Task to complete ->
Nothing but the lines from the one with "Confezione da 3" down to the one with "2' X 4' Blue" should be returned, exactly and with both ends included, from the material below.

Source material ->
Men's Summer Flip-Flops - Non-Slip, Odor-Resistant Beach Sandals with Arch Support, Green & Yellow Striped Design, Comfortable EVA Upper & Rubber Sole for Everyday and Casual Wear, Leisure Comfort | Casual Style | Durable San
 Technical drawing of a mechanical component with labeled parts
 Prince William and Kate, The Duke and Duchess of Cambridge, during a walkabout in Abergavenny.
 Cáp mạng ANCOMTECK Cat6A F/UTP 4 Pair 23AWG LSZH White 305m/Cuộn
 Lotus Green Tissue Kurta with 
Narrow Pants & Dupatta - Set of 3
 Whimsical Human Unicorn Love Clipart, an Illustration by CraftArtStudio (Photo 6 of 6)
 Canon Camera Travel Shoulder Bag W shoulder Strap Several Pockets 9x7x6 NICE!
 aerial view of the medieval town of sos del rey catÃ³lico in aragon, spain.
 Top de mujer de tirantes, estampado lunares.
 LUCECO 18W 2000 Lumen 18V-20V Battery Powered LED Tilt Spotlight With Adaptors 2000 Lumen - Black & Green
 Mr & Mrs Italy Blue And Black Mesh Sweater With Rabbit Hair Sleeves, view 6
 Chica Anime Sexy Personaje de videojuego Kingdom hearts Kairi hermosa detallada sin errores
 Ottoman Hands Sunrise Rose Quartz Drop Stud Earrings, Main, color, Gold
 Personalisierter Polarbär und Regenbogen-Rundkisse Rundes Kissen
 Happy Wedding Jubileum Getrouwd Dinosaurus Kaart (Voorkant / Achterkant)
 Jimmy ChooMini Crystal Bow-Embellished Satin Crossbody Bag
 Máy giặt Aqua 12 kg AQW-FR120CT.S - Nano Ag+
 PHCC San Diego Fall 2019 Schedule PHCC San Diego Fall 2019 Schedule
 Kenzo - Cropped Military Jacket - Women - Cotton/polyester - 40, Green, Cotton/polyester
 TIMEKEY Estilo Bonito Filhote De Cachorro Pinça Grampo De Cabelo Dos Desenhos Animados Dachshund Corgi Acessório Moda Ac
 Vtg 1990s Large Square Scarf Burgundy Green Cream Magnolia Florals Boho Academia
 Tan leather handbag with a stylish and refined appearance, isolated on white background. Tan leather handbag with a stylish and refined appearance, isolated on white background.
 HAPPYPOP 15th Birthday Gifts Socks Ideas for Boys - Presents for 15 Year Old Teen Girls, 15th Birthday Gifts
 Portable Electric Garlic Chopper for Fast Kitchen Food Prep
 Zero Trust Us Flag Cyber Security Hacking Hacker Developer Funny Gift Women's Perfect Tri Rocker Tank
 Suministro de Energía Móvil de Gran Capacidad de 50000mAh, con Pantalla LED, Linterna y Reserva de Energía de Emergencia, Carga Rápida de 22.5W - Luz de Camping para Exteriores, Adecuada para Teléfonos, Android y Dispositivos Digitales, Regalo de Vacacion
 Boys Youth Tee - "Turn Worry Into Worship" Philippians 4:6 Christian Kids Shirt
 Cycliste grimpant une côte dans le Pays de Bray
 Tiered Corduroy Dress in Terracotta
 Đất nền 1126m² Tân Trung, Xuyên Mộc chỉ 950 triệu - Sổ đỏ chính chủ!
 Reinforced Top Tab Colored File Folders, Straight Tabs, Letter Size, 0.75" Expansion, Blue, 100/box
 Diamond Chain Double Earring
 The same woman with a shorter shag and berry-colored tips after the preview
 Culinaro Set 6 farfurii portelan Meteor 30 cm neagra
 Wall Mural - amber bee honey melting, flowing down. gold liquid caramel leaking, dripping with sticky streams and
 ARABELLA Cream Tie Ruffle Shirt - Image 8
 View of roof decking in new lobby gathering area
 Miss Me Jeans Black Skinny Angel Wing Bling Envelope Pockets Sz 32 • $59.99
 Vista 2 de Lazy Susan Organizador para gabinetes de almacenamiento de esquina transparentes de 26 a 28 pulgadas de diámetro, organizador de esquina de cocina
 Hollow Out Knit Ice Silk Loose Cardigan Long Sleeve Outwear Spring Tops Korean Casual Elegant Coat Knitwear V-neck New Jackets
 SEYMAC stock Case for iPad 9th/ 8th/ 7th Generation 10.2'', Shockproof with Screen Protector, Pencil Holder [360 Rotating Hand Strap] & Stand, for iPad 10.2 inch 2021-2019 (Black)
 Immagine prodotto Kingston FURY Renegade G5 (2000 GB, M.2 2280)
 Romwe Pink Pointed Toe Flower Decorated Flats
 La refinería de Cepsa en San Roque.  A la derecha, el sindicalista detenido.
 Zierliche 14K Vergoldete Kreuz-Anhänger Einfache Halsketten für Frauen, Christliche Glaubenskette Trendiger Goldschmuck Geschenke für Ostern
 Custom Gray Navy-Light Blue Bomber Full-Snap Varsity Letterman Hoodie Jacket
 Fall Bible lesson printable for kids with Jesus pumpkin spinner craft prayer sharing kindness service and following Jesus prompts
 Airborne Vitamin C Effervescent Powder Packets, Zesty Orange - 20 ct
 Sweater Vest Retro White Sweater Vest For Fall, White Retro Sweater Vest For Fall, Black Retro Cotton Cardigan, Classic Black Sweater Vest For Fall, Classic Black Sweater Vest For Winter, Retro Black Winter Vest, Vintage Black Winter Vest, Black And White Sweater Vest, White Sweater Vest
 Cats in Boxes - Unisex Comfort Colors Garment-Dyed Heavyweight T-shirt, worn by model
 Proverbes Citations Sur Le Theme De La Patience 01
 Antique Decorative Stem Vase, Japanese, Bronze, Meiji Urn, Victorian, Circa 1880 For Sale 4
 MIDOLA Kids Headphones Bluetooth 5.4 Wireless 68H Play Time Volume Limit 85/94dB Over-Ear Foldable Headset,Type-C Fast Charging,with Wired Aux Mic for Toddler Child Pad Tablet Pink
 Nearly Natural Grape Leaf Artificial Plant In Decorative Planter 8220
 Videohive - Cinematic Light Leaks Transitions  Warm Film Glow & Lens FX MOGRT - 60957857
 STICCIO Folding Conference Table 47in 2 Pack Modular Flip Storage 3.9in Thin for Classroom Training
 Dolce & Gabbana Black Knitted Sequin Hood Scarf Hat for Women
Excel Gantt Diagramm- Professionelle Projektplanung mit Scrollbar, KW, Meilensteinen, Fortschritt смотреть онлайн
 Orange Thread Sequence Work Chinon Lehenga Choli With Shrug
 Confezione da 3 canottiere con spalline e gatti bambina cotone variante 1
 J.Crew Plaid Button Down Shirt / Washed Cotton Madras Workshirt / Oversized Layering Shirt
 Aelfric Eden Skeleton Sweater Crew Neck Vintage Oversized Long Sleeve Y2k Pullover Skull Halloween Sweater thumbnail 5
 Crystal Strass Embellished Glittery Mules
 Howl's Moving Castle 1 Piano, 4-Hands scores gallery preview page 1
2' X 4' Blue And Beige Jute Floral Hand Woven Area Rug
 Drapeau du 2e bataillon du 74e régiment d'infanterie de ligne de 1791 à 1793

Output of the task ->
 Confezione da 3 canottiere con spalline e gatti bambina cotone variante 1
 J.Crew Plaid Button Down Shirt / Washed Cotton Madras Workshirt / Oversized Layering Shirt
 Aelfric Eden Skeleton Sweater Crew Neck Vintage Oversized Long Sleeve Y2k Pullover Skull Halloween Sweater thumbnail 5
 Crystal Strass Embellished Glittery Mules
 Howl's Moving Castle 1 Piano, 4-Hands scores gallery preview page 1
2' X 4' Blue And Beige Jute Floral Hand Woven Area Rug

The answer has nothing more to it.